WORK TO BE COMPLETED -> Starting at the line holding "this 1280×720 image." and finishing at the line holding "this 1200×800 image.", transcribe the material exactly, keeping both ends but no pictures.

AVAILABLE DATA ->
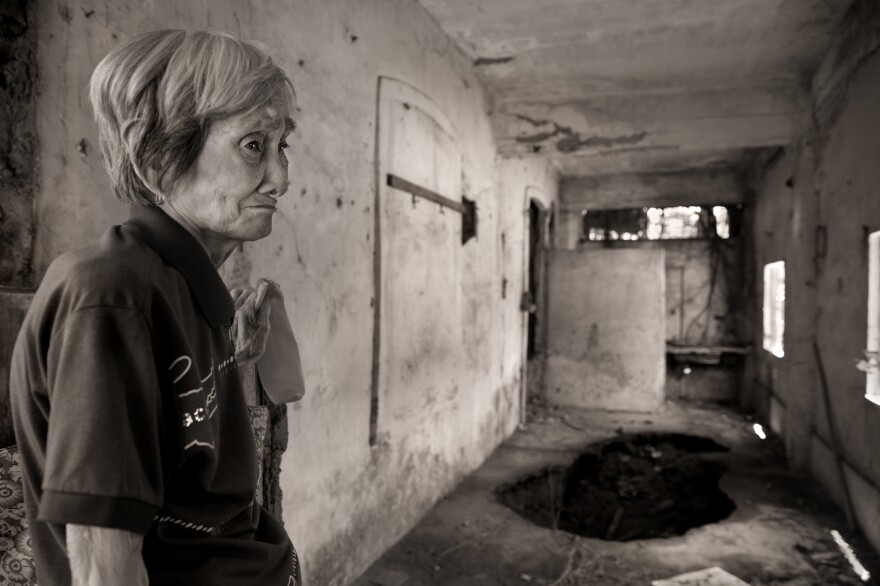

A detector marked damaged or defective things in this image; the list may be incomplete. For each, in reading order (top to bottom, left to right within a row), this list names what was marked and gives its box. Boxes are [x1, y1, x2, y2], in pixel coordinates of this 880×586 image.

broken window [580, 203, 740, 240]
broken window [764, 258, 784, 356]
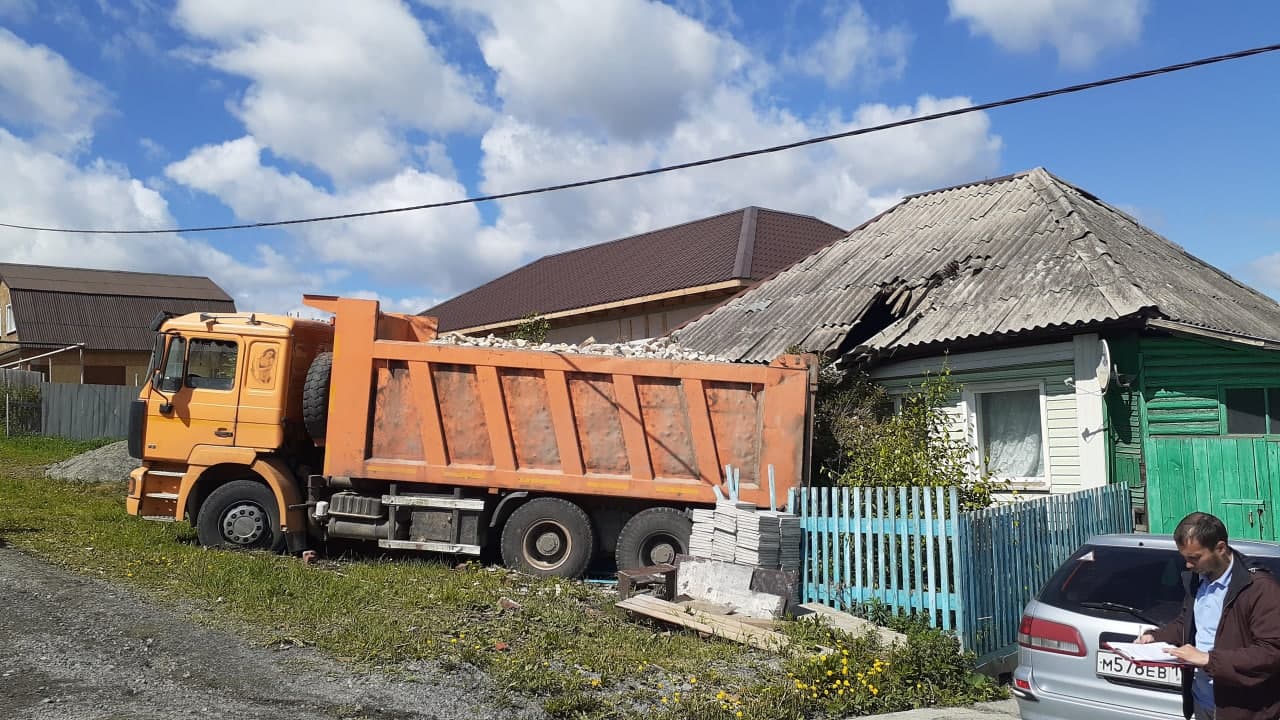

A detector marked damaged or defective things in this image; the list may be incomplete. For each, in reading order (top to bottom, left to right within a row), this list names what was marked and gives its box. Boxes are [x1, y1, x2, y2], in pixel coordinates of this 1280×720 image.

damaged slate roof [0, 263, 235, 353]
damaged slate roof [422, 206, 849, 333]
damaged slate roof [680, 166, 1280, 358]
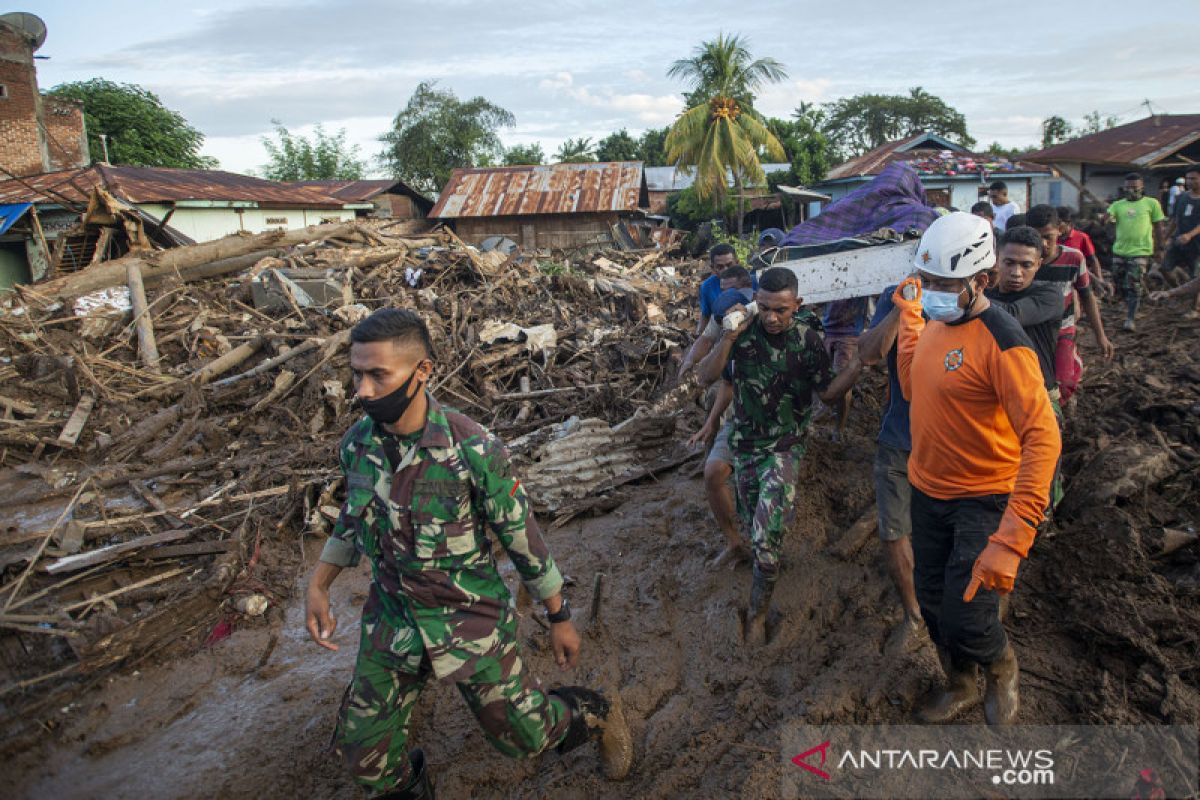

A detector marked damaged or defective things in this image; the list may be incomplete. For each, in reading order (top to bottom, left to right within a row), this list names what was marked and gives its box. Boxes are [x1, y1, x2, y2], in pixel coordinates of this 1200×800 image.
...
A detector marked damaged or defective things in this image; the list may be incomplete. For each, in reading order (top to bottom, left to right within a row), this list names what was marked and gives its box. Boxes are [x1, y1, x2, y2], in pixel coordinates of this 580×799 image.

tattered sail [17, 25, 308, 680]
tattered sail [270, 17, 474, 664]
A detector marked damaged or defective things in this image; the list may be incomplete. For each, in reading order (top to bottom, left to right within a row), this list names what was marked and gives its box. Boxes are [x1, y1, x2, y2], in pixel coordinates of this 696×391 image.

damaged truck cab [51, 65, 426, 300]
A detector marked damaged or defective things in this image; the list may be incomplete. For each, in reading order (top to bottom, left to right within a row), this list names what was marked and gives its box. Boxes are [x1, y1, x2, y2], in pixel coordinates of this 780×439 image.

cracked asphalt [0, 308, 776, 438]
* * *
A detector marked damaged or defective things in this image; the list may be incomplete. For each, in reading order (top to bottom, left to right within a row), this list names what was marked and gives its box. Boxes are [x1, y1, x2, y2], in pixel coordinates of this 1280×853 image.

RESPONSE TO THIS TASK ->
A detector marked damaged or defective things in this image; the list may be incomplete. For each, in reading order (top to bottom, left to right within a row), this list names what was marked and gives its box. Boxes are [x1, y1, x2, y2], in pixel coordinates of this 1280×720 image.

damaged slate roof [0, 263, 235, 353]
damaged slate roof [422, 206, 849, 333]
damaged slate roof [680, 166, 1280, 358]

A detector marked damaged or defective things in this image; the list may be incomplete. For each, in reading order (top to bottom, left to right within a row), this list names what was marked and gives its box. Boxes are [x1, y1, x2, y2], in pixel coordinates of this 1200×800 image.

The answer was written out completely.